La parabole du riche et de Lazare, rapportée par Luc, présente quelques traits communs avec celle du jugement dernier dans l’évangile de Matthieu. Il y est question de fournaise, de vie bienheureuse, de rétribution en bien ou en mal selon l’attention que nous aurons portée aux pauvres. De même que, chez Matthieu, Jésus s’identifie aux plus petits de ses frères, de même, dans cette parabole de Luc, je crois qu’on peut voir en Lazare une figure de Jésus. Jésus a pris notre humanité. Il est venu nous rejoindre au plus profond de notre misère. Il s’est donné en nourriture à ceux qui, humblement, se comparaient à de petits chiens. Il a souffert. Il est passé par la mort. Il a visité Abraham et les patriarches au séjour des morts. Il a été accueilli dans le sein du Père où il jouit de la béatitude éternelle. Et – la demande du riche a fini par être exaucée – il est même ressuscité d’entre les morts pour nous porter son témoignage.

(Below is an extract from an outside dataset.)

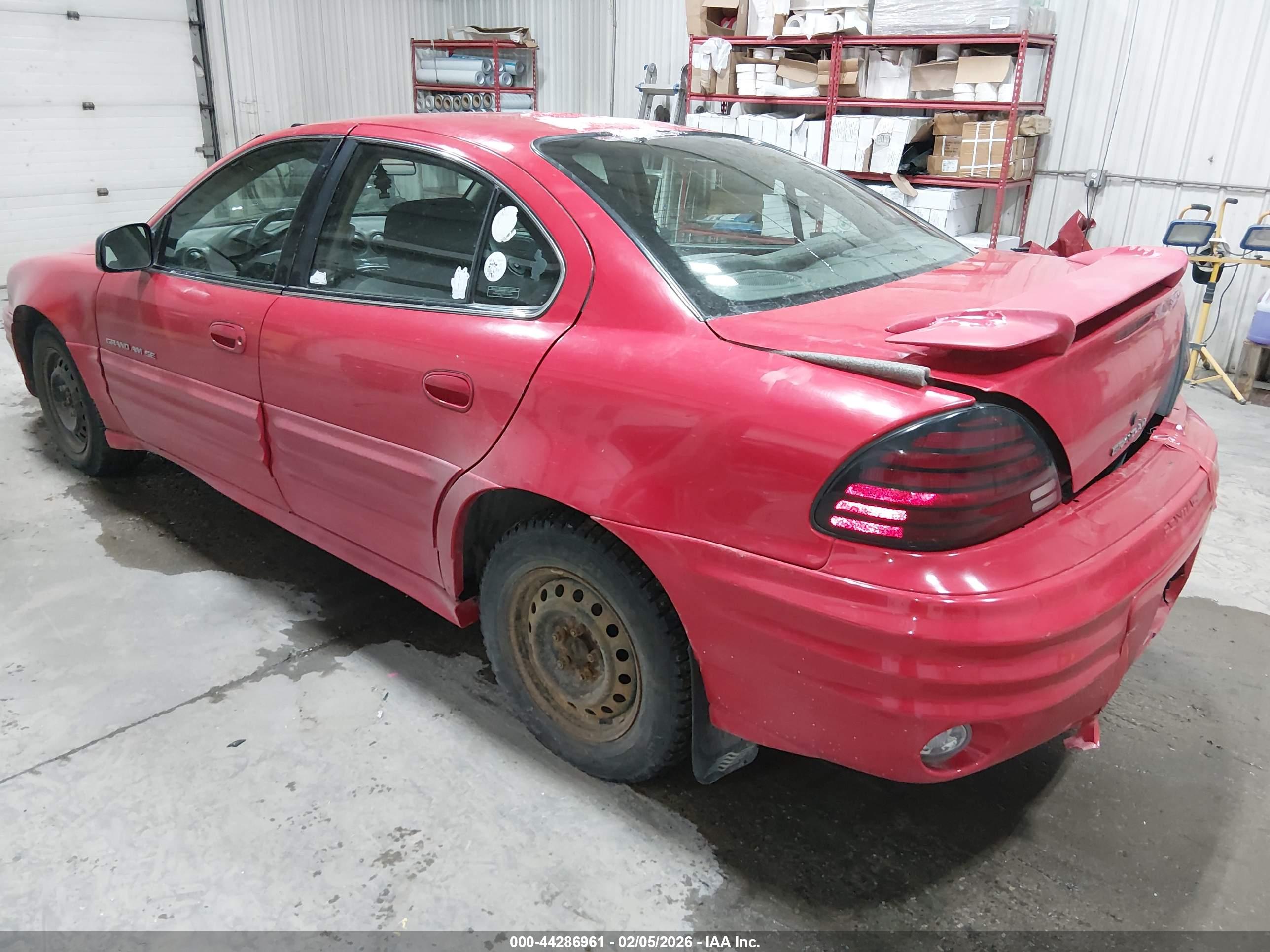 PONTIAC GRAND image 3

C’est ce mystère pascal de la mort et de la résurrection du Fils de Dieu que nous célébrons dans cette eucharistie. Ne cherchons pas notre nourriture dans les miettes qui tombent de la table des grands de ce monde, mais dans les plaies du Sauveur. Elles sont mises à notre disposition en ce jour pour que nous nous abreuvions de son Sang, que nous nous rassasiions de son Corps livré pour nous, et que nous vivions de sa vie. Alors notre regard pourra s’ouvrir pour le reconnaître dans les plus petits de nos frères, et devenir plus attentif à leurs besoins. Car il ne sert à rien d’avoir la foi comme le riche de notre parabole, si nous ne la mettons pas en pratique, si nous ne travaillons pas, avec la grâce de Dieu qui nous est donnée dans les sacrements, à rétablir cette unité du genre humain brisée par le péché. Cette famille humaine réconciliée et unifiée vers laquelle nous tendons n’est rien d’autre que l’Église dans son plein accomplissement. Tous les hommes sont appelés à la rejoindre. Alors l’humanité entière, rassemblée en un seul corps, pourra faire retentir un cantique de louange à la gloire du Dieu Très-Haut pour les siècles des siècles. Amen.